___ Records supplied
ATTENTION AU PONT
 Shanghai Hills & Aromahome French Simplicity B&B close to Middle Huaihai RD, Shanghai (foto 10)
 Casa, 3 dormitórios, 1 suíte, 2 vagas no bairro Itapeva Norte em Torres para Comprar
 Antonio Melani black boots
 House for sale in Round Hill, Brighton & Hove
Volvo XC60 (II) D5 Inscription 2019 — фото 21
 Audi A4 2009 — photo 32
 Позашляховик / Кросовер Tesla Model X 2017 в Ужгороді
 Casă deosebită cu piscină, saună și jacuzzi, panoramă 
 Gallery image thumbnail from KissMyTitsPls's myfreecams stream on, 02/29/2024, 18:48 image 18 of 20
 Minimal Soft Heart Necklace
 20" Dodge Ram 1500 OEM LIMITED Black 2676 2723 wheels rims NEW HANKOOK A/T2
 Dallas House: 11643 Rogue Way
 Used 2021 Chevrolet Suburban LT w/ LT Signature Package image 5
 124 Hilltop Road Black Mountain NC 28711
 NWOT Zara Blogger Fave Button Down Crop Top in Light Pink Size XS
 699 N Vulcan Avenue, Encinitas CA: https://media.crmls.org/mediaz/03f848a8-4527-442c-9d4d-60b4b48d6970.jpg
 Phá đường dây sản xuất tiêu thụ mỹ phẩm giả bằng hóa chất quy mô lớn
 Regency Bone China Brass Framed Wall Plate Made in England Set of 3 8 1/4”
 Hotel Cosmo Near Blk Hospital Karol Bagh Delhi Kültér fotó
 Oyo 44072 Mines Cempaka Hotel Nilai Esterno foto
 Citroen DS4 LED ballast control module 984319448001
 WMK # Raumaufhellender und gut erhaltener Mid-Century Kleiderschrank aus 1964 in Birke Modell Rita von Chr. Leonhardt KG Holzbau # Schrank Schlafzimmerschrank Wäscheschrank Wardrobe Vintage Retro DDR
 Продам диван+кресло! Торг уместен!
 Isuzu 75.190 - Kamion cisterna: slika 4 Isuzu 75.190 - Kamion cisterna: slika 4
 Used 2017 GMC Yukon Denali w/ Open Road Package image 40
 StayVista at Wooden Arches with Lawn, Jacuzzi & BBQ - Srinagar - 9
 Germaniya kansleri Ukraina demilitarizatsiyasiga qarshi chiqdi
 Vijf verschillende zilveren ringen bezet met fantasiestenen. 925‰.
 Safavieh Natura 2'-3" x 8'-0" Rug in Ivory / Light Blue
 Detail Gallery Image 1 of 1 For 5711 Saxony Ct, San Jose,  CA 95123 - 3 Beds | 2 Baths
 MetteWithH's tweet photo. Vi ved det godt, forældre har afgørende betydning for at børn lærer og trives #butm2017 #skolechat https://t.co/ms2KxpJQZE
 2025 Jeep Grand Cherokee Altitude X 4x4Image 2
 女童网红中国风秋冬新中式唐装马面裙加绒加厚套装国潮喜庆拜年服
______
▶ _Exercise brief_: Among the entries above, find the line with "Casă deosebită cu" and the line with "NEW HANKOOK A/T2"; give again exactly these two lines and all lines between them.

▶ _The answer_:
 Casă deosebită cu piscină, saună și jacuzzi, panoramă 
 Gallery image thumbnail from KissMyTitsPls's myfreecams stream on, 02/29/2024, 18:48 image 18 of 20
 Minimal Soft Heart Necklace
 20" Dodge Ram 1500 OEM LIMITED Black 2676 2723 wheels rims NEW HANKOOK A/T2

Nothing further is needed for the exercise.